I spent most of this morning going through and re-inventorying my essay themes. I’ve now identified six primary themes:
- connection through making (to people, to “the moment”, to the Divine)
- doing things for the experience vs. doing them for end product (process vs. product)
- thoughts on original vs. duplicating/strongly derivative work
- how to learn faster and with less stress
- more productive ways to think about your work and yourself-as-an-artist
- how to tackle ambitious projects/achieve beyond what you think are your limitations
I’m still mulling things over, but I think I’ve got enough to start.
Now, of course, I’m suffering from all the usual insecurities that writers get, the main one being “Who do you think you are, writing this? What makes you think anyone is going to want to read what you write?” This is particularly ironic since the main point of the book is how to get past all this as a creative artist! But I am doing my best to follow my own advice: focus on enjoying the journey, not the end product, and deliberately avoid categorizing yourself as someone who can or can’t do something – just do it!

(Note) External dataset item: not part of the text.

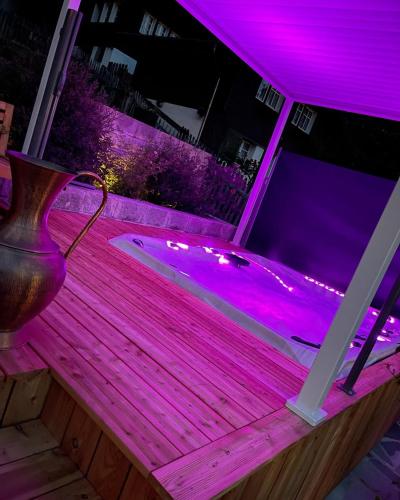 a jacuzzi tub with purple lighting on a porch at DU GLACIER Boutique & Traditions Hotel in Fiesch
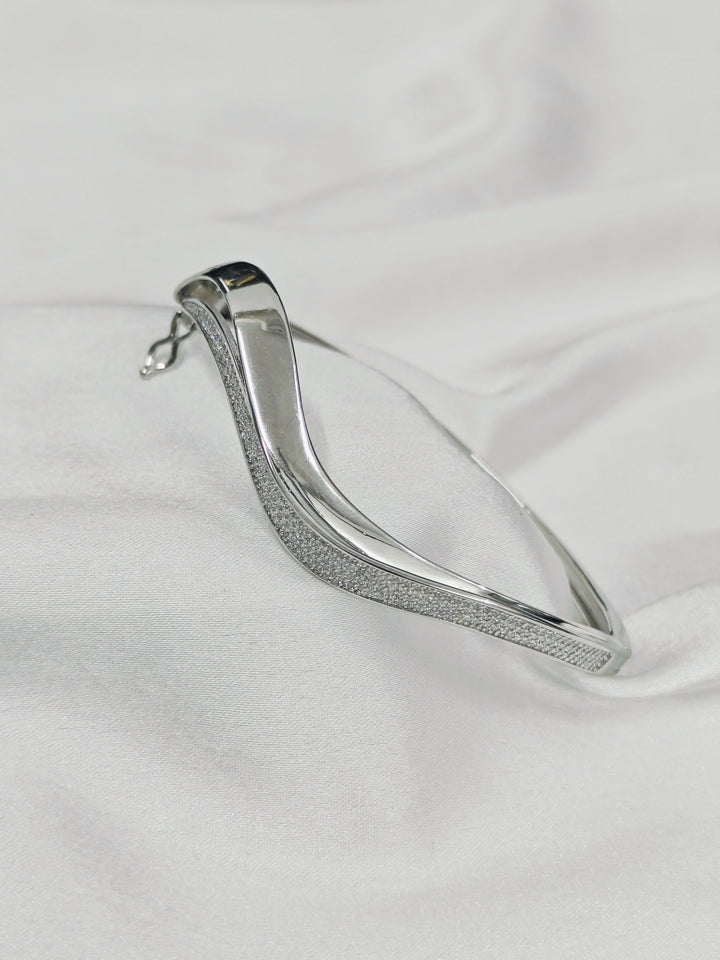 Silver bracelet on a white fabric background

Pursuing to this advice, my plan for the next round is to sit down and do some writing, rather than overthinking it. I could slice and dice organization indefinitely, but until the book tells me what it wants to be, it’s just pushing cards around. So I’m going to pick a theme, and write a chapter based on that theme. It will undoubtedly be re-re-revised as the book evolves – in fact, there’s a good likelihood it will be thrown away altogether. But I figure it’s like making a muslin – you have to sketch out and trial ideas before you can get to the final product. And since I’m on muslin #9 for Autumn Splendor, well, let’s just say I’m familiar with, and comfortable with, that way of working.
Off to write! It will be interesting to see what the first draft looks like.
I will definitely read it.
I think it’s a brilliant idea.
And I saw a T-shirt in a catalog that said “it doesn’t matter if it’s crap–just get it on the page.” After it exists, it can be edited.